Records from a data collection
★ ★ ★ ★ ★

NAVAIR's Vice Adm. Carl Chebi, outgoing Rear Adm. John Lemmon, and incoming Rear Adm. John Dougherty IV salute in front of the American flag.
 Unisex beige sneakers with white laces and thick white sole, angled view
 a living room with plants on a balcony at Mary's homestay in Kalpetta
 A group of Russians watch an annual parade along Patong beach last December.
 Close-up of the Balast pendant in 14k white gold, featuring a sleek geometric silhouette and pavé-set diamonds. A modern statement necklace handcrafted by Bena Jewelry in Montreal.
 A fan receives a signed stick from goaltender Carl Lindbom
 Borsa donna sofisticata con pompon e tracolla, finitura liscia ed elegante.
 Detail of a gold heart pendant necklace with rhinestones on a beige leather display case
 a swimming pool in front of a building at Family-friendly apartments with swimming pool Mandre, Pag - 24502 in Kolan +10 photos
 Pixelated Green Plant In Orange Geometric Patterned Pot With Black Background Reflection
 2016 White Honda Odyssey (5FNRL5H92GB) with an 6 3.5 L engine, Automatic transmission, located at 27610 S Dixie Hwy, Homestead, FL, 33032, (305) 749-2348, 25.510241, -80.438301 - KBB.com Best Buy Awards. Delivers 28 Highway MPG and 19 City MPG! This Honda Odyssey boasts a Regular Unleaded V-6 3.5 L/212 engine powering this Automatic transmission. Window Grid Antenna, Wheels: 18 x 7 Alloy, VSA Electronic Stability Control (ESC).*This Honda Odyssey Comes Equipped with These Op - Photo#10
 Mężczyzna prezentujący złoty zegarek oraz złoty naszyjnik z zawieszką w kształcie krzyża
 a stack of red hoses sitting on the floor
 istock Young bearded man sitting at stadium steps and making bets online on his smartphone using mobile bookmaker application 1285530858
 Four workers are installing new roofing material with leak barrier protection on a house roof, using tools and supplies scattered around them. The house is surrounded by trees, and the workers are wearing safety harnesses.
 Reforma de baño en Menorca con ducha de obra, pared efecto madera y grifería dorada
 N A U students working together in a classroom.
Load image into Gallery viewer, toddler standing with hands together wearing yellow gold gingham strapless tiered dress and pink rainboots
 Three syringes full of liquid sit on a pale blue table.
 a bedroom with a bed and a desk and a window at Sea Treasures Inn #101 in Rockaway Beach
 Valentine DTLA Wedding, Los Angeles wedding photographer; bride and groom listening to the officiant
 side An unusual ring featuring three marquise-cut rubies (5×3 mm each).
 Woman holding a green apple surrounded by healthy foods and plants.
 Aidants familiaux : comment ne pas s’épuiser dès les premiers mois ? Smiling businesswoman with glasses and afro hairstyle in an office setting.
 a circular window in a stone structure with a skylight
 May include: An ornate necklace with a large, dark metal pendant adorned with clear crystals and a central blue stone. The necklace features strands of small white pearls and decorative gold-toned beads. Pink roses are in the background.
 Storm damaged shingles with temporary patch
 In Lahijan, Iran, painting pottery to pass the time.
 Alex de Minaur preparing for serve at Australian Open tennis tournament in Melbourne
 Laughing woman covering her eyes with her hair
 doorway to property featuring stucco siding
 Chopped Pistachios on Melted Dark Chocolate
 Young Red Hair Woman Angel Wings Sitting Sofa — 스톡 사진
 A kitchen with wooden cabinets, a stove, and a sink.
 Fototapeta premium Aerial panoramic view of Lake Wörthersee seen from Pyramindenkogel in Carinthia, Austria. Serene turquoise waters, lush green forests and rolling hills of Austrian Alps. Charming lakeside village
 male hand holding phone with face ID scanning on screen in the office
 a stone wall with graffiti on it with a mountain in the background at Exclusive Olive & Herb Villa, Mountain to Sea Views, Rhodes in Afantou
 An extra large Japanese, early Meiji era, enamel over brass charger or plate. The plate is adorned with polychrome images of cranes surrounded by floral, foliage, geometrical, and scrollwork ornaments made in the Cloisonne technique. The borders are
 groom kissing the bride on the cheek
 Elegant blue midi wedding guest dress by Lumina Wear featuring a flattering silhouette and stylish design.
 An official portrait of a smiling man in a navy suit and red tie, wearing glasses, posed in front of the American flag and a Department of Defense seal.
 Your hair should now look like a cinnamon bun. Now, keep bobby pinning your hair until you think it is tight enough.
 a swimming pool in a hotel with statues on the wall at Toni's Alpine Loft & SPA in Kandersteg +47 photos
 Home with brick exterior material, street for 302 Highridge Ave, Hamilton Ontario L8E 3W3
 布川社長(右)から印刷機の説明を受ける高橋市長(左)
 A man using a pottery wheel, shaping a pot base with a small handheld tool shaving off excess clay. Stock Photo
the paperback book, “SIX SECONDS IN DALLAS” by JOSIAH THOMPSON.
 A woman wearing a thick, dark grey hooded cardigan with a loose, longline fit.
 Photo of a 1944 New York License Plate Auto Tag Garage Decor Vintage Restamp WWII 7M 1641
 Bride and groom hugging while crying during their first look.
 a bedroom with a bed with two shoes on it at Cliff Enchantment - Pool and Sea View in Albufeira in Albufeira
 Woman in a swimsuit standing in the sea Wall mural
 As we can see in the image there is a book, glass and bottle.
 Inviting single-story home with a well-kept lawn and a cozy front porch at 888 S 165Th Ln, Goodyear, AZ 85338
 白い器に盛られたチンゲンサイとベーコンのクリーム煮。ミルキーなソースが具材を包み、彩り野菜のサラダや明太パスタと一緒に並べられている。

★ ★ ★ ★ ★

Brief. Could you reproduce exactly the lines of the entries above, from the one with "a stack of red hoses sitting on the floor" through the one with "istock Young bearded", and nothing else?

Answer for the task.
 a stack of red hoses sitting on the floor
 istock Young bearded man sitting at stadium steps and making bets online on his smartphone using mobile bookmaker application 1285530858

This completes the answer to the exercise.